▶ What to do
Where an entry contains a picture, skip the picture and write out everything else exactly.

▶ Material to process
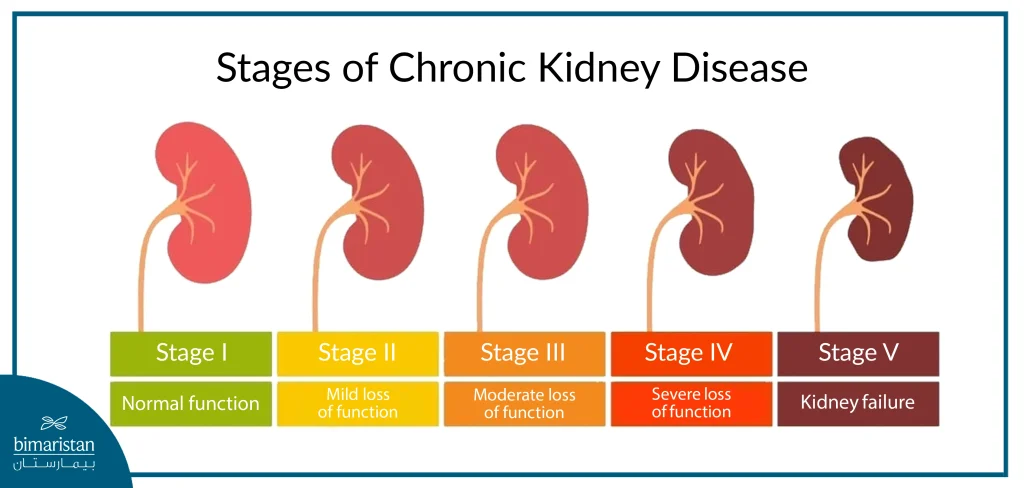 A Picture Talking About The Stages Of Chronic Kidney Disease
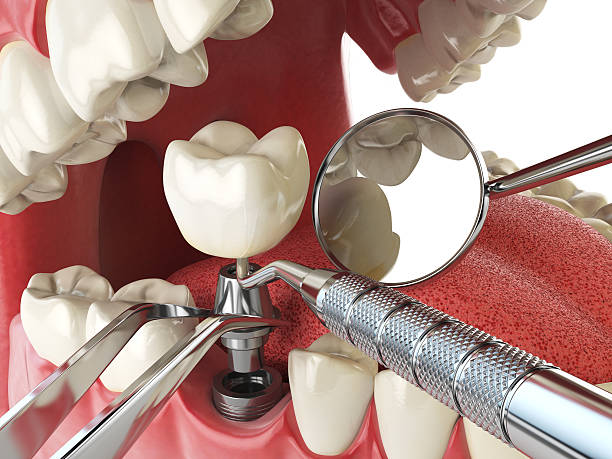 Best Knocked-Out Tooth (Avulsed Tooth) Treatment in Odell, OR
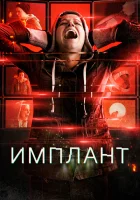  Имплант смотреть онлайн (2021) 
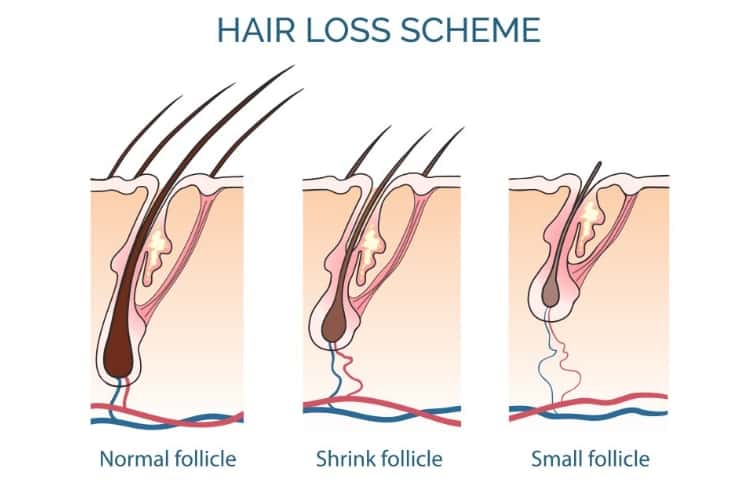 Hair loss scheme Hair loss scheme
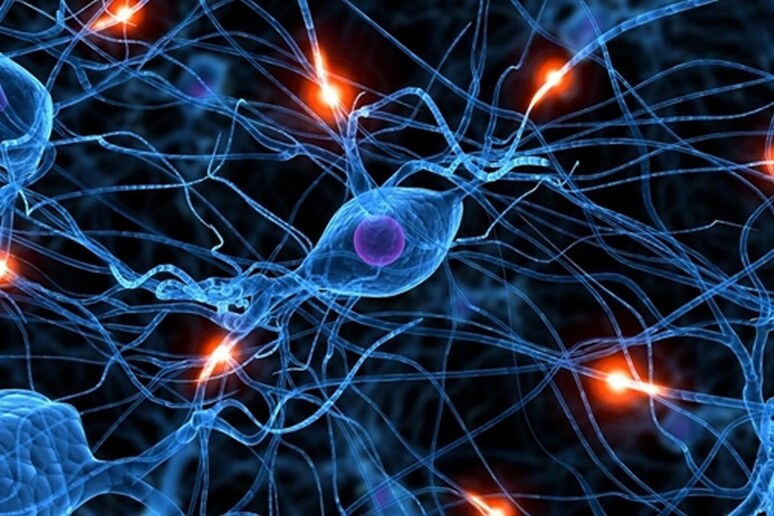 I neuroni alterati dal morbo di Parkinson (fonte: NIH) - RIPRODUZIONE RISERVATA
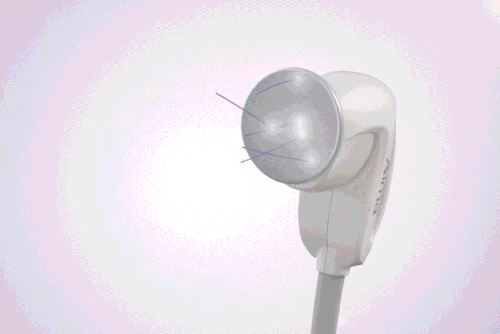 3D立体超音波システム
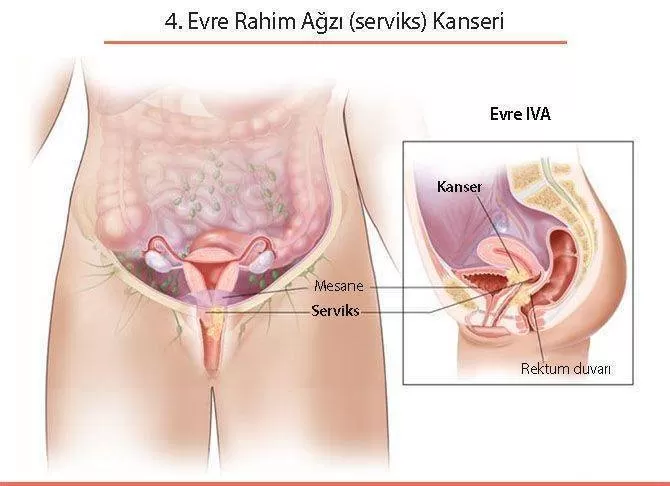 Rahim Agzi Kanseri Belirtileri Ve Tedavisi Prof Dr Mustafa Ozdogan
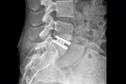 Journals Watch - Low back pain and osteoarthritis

▶ Response area
 A Picture Talking About The Stages Of Chronic Kidney Disease
 Best Knocked-Out Tooth (Avulsed Tooth) Treatment in Odell, OR
  Имплант смотреть онлайн (2021) 
 Hair loss scheme Hair loss scheme
 I neuroni alterati dal morbo di Parkinson (fonte: NIH) - RIPRODUZIONE RISERVATA
 3D立体超音波システム
 Rahim Agzi Kanseri Belirtileri Ve Tedavisi Prof Dr Mustafa Ozdogan
 Journals Watch - Low back pain and osteoarthritis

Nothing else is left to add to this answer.